Nel mio discorso di insediamento ho affermato che non dobbiamo avere paura di uscire da noi stessi, da quella zona di conforto nella quale sovente cerchiamo di rifugiarci, per incontrare l’Altro, perché solo da un vero è profondo incontro ci si arricchisce reciprocamente.
Credo fermamente che non sia il compito di una Istituzione laica, come la Città entrare nell’anima delle donne e degli uomini, ma sia nostro dovere preparare tutti quei fattori che garantiscano a ciascuno la massima libertà possibile e, nel contempo, l’adesione al patto sociale. Solo in questo modo possiamo costruire una società equilibrata, nella quale ciascuno possa aspirare a realizzare te stesso, nei propri valori, sogni, ambizioni e progetti.

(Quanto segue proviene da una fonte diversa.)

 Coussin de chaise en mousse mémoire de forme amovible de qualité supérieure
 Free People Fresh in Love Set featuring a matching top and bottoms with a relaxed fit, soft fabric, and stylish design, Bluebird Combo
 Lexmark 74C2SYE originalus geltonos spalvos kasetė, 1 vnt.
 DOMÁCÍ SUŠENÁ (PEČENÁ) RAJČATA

Lo Stato laico è per sua stessa natura pluralista e dialogante, è il modo col quale anche le fedi possono prosperare e diventare, a loro volta, linfa della vita culturale e sociale.
Tutti noi siamo rimasti profondamente toccati degli eventi di Dacca e in particolare, da torinesi, siamo vicini alla famiglia di Claudia D’Antona. Qualche giorno fa abbiamo ricordato le vittime di un altro attentato, quello di Istanbul, è ancora prima altre di Orlando. Noi, tutti noi, in una nebbia sempre più fitta, siamo ora chiamati a seguire però la luce del nostro cuore che ci indica una via. A noi, istituzioni pubbliche, è dato un importante compito: quello di affermare chiaramente che i violenti e gli assassini non hanno etichette religiose, che non esistono religioni buone o religioni cattive ma solamente uomini e donne che nella loro vita cercano, per quanto è loro possibile, di compiere il bene e altri che invece provocano dolore e morte.

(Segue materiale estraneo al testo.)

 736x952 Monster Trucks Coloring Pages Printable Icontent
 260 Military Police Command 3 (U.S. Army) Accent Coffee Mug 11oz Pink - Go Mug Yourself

A voi spetta la responsabilità di aiutarci a spiegare questo, di sopportarci in un’azione costante di verità affinché nessuno possa confonderci e farci vedere nel nostro Prossimo non il nostro fratello o la nostra sorella ma un nemico.

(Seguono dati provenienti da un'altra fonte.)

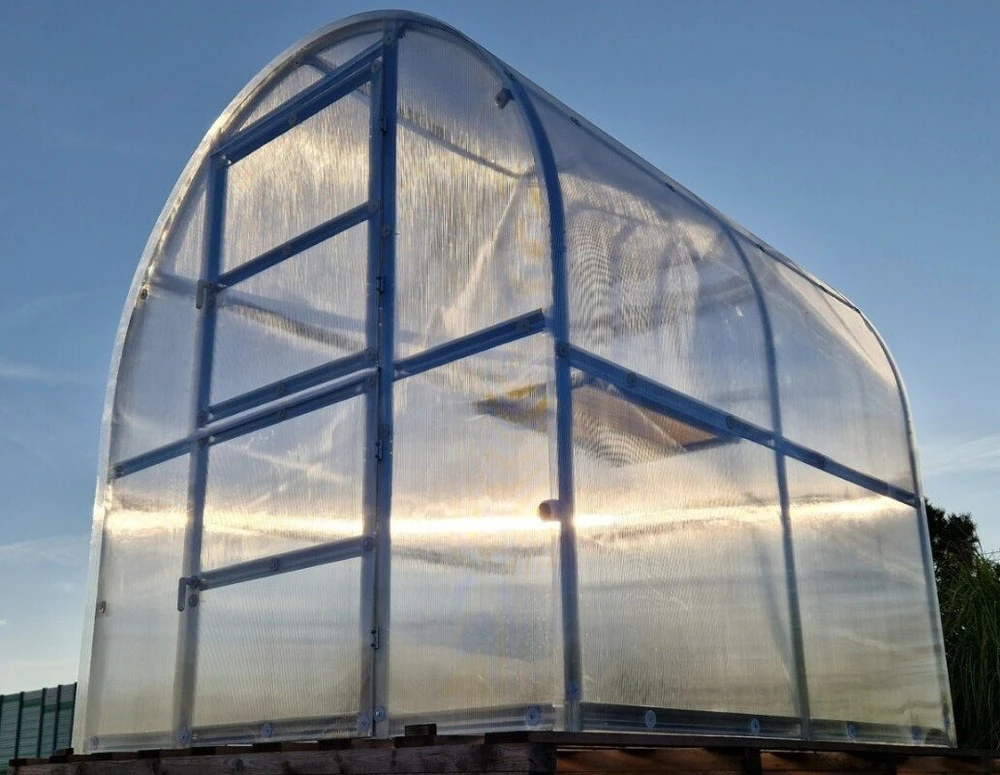 Klasika Greenhouses Šiltnamis KLASIKA Slim - 4 mm storio kanalinis polikarbonatas - 2 x 2 m (4 m²)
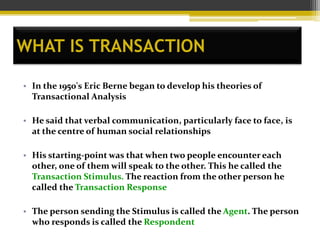 Transaction analysis | PPT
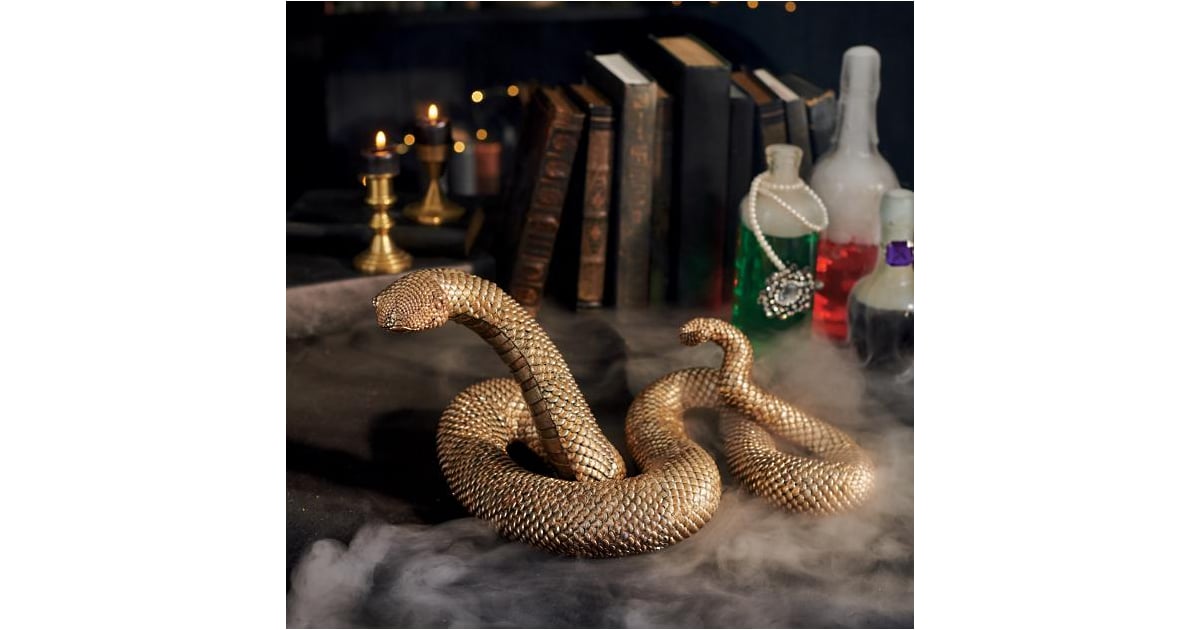 Gold Snake Decor Best 2020 Halloween Decor at Grandin Road POPSUGAR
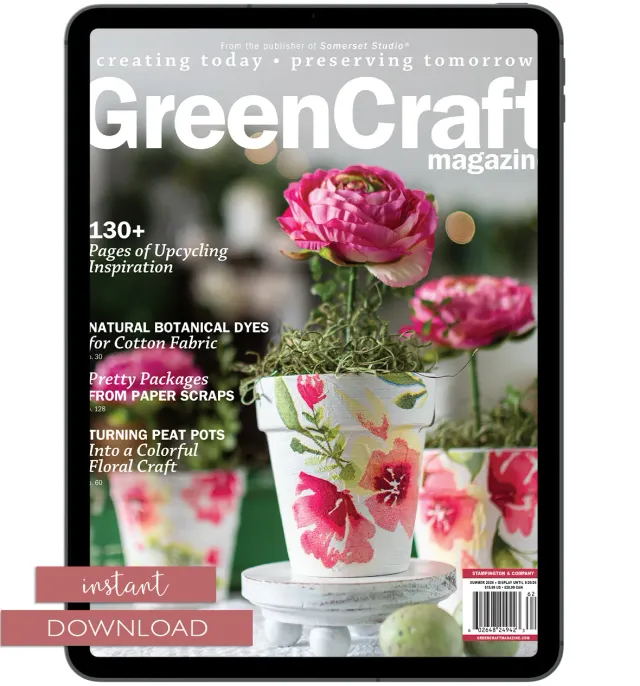 Stampington GreenCraft Summer 2026 blad PDF gjenbruk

Abbiamo con noi delle armi infallibili una di queste voi l’avete praticata per un mese e la mettete a disposizione di tutta la società. Non è infatti con la violenza che si combatte il male, ma è solo con il bene, per seguendolo tenacemente in ogni nostro pensiero, parola e azione. Grazie per avermi dato l’occasione di incontrarvi e di conoscerci un po’ meglio anche se purtroppo non potrò presentarmi a ciascuno; sono certa però che questa sarà solo il primo passo della strada che percorreremo assieme.